31 May, 2014

Blakeathon Part I: Poetical Sketches (1769-1777, pub'd 1783)

Embarking on my long-delayed voyage into the rocky ocean of William Blake. Reading in order of publication. First up: Poetical Sketches (pub'd 1783), which contains some (literally) adolescent verse as well a laughably bad (and wisely aborted) drama on Edward III. Said incomplete drama features Dagworth, a soldier so enraptured by the prospect of facing the enemy that he bursts into psalmic parody: "Now my heart dances and I am as light / as the young bridegroom going to be married." Even allowing for intentional authorial irony, this is horrendous.
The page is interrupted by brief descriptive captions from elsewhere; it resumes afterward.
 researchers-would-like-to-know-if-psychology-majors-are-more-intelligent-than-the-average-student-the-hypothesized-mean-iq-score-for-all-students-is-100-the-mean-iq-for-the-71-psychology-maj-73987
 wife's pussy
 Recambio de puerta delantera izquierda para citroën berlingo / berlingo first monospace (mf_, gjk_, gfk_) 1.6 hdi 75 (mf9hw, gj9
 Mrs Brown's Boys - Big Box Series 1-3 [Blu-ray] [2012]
Exhibit B: A lengthy philosophical discussion between Dagworth and William "his man" continues to moralize ad nauseam until it finally concludes with a limp attempt at self-derision: "Thou [William] art an endless moralist." Taken on their own, though, these examples can't do justice to the overall sense of the drama's grade B-ness. See also: "Stop, brave Sir Walter; let me drop a tear, / then let the clarion of war begin." MST3K is called for.

Favorite moments: prose poem The Couch of Death is overwrought, but decent. Reminds me of a much less affecting DFW's "Incarnations of Burned Children." Also, the random mention of a "Gordred the Giant" in Gwin King of Norway ( = long and lurid proto-Marxist call for a worker's revolution).